THE PROBLEM :: Look in the data below for the line that has "Golf tournament 2025", then print exactly every line from there through the line that has "Клавиатура для Acer SFA16-41 Черная Клавиатура", leaving pictures out.

WORKING DATA ::

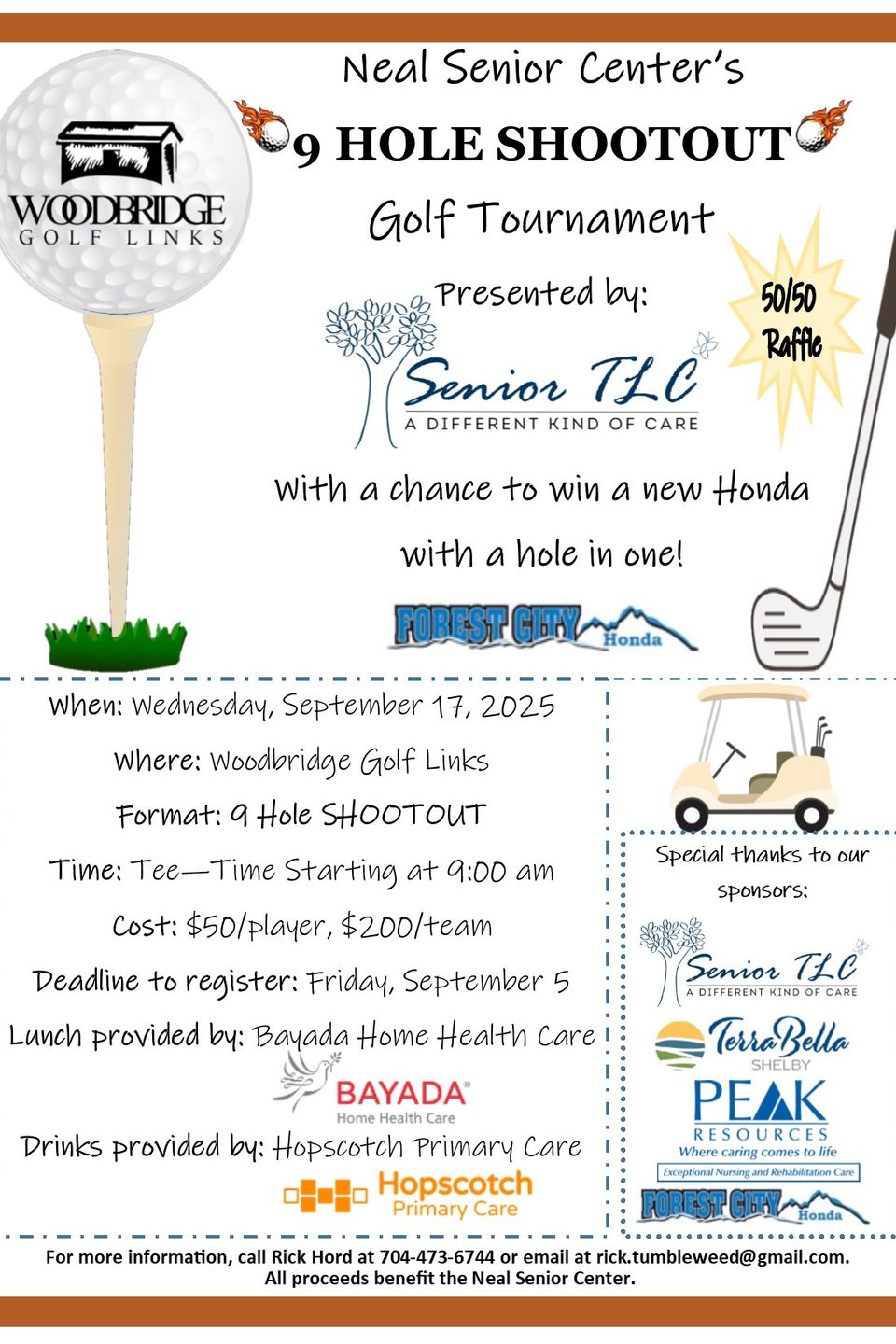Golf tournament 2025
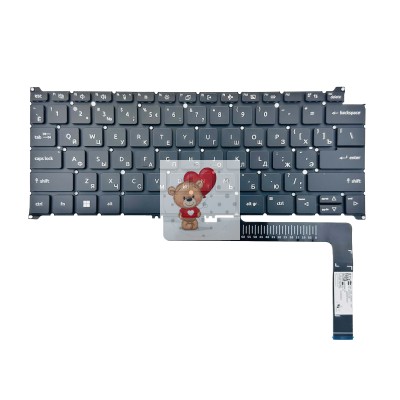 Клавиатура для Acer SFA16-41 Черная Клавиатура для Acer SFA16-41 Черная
...
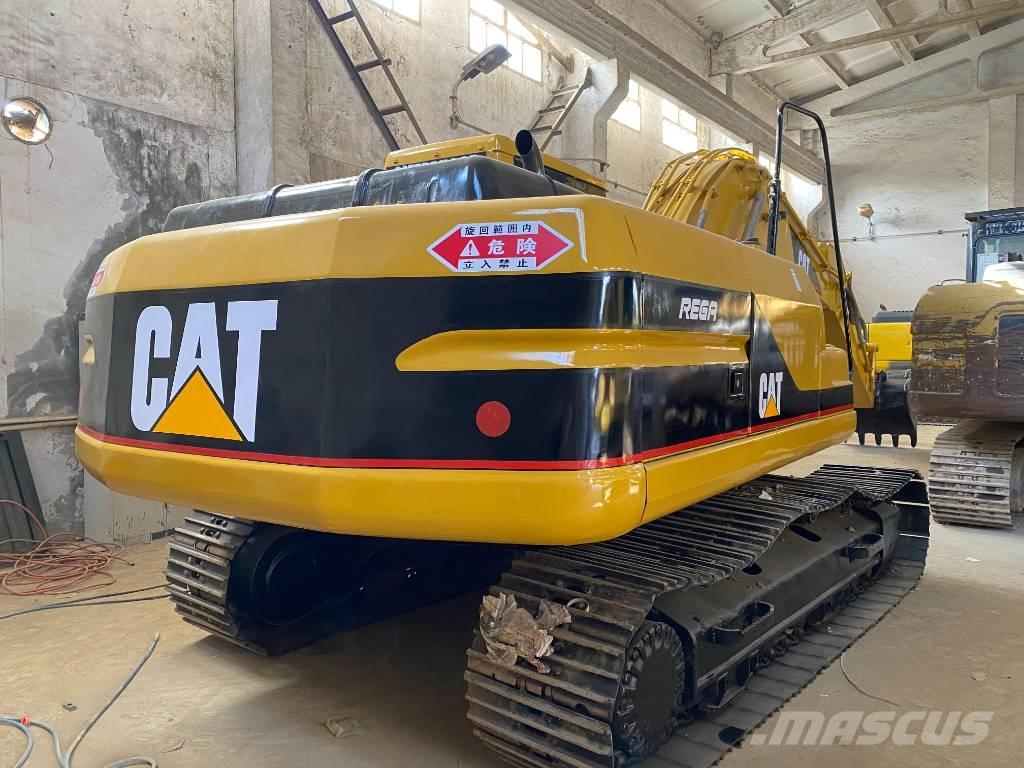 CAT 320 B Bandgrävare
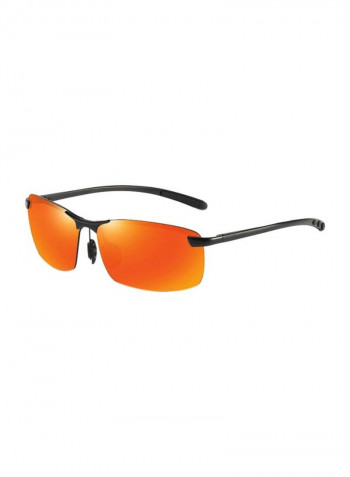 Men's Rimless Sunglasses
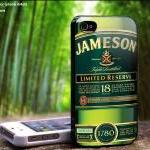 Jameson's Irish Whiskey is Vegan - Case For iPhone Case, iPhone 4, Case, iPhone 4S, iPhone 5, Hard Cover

OUTPUT BELOW ::
Golf tournament 2025
 Клавиатура для Acer SFA16-41 Черная Клавиатура для Acer SFA16-41 Черная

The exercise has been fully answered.